In effetti, Titta gioca la dimensione del godimento nella sua alleanza con la sostanza: l’assunzione di eroina si colloca al posto delle incertezze del desiderio e dell’incontro con l’altro. La sostanza lo protegge dalle “conseguenze dell’amore”.
Nonostante l’apparenza ordinaria, al centro della vita di Titta c’è la “pulsione di morte”, tanto nel suo lavoro solo apparentemente normale e quanto nel suo rapporto con il godimento.
In questa prospettiva psicoanalitica, che non a caso si definisce “clinica dell’anti amore”, il soggetto vive l’esperienza dell’alterità e dell’incontro d’amore come un inciampo da evitare per non interrompere l’ordinario e progettato corso dell’esistenza.

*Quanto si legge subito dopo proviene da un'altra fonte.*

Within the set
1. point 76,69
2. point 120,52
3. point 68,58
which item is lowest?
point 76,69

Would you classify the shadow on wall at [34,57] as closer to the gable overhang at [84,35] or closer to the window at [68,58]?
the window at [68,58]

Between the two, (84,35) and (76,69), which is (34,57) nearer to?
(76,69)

Come sottolineare Recalcati:
“il soggetti ipermoderno, diversamente dal soggetto nevrotico, appare come privo di senso di colpa eppure massimamente colpevole. La sua colpa consiste nel non assumere col coraggio adeguato la fatica dell’esistenza e il programma inconscio del proprio desiderio. Non c’è assunzione etica del proprio desiderio, ma nemmeno la sua delega nevrotica.

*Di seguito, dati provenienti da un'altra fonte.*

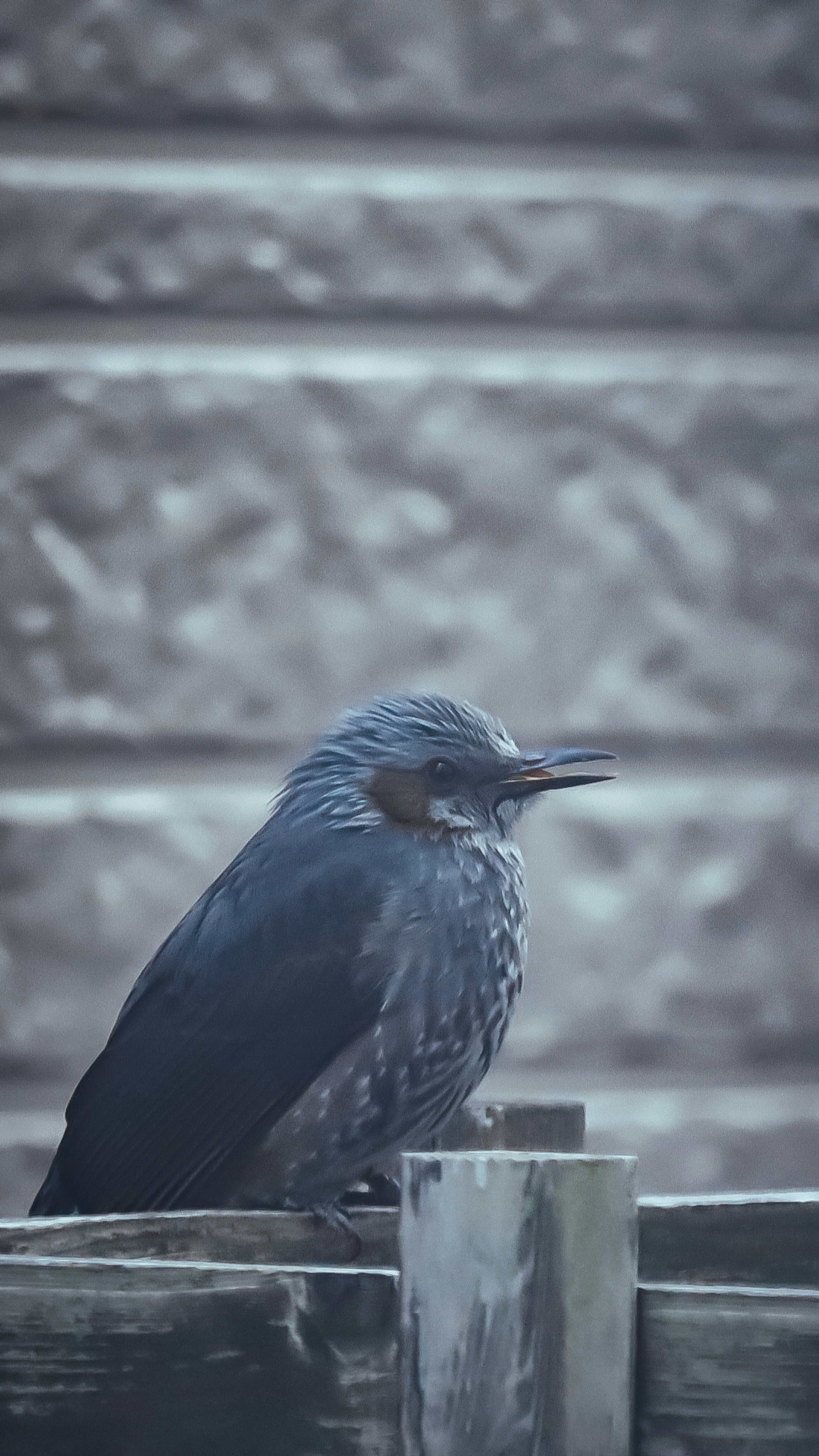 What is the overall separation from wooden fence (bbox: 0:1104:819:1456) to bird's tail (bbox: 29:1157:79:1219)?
2.52 feet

Si assiste piuttosto al suo annullamento, alla sua cancellazione, al suo aggiramento, alla sua negazione”.
Titta si rifiuta di giocare la sua partita con l’altro sul piano della mancanza: non dona alla giovane barista il segno del suo amore, ma un’oggetto che possa colpirla, utilizzando denaro non suo (scaricando quindi sull’altro il peso della mancanza e della divisione); il protagonista non si fa carico del suo ruolo simbolico di padre, ma si limita al rituale borghese ed insipido di una misera telefonata che si interrompe al primo segnale di insofferenza.
Il protagonista della pellicola di Sorrentino non chiede mai il perché di quello che gli accade: non c’è enigma, divisione o interrogazione soggettiva sulla propria condizione.

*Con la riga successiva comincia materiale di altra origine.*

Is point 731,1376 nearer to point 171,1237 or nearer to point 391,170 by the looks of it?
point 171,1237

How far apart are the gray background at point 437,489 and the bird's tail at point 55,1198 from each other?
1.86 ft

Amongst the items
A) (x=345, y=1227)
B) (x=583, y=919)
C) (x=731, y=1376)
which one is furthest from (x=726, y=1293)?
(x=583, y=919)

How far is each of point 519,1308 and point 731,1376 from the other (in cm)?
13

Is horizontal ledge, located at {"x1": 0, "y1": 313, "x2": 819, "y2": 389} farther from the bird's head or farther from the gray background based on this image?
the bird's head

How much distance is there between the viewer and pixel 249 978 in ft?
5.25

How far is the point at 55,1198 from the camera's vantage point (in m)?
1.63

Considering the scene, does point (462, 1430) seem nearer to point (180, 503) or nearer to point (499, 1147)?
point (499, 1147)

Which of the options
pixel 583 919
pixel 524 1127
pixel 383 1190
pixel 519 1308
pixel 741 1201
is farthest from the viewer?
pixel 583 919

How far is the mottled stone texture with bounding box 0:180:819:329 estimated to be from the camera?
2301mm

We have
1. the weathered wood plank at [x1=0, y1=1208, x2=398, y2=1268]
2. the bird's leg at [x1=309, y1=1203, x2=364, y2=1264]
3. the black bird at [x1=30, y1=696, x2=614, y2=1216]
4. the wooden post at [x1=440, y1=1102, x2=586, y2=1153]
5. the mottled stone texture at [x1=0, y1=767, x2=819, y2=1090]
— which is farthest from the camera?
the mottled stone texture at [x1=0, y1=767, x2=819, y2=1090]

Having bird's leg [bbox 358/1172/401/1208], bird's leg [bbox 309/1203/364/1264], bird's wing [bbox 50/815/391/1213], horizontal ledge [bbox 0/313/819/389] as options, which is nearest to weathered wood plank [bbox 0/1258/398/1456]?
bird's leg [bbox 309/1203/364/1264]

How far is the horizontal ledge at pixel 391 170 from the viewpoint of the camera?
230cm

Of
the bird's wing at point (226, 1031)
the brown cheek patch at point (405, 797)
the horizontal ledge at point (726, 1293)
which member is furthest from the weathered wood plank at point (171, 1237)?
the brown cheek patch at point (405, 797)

Piuttosto, vediamo in gioco due declinazioni della clinica contemporanea:
da una parte “l’Es senza inconscio”, inteso come una spinta alla narcotizzazione della vita, la tendenza compulsiva ad un godimento che prescinde dallo scambio con l’altro sesso; dall’altra “l’Io senza inconscio”, ovvero “l’iper identificazione, l’immedesimazione alienante e conformista ai sembianti dell’Altro, la negazione di ogni esperienza dell’alterità, il rifu-gio nella maschera sociale, nell’indifferenza e nella apatia”.
Per approfondire.
-Massimo Recalcati – “L’uomo senza inconscio”;
-Domenico Cosenza – “Clinica dell’eccesso”;
-André Green – “Narcisismo di vita. Narcisismo di morte”.
Il film di Sorrentino ci offre una vivida rappresentazione della deriva del soggetto contemporaneo: senza la bussola del desiderio, la vita umana si inaridisce e diviene povera. Per questo l’unione mortifera con la sostanza diviene la via di fuga da questa ripetizione vuota e priva di senso.
L’amore interviene in questo meccanismo infernale come nuovo nome dell’inconscio, aprendo una divisione nel soggetto che invece si crede tutto unito, un “Uno tutto solo”.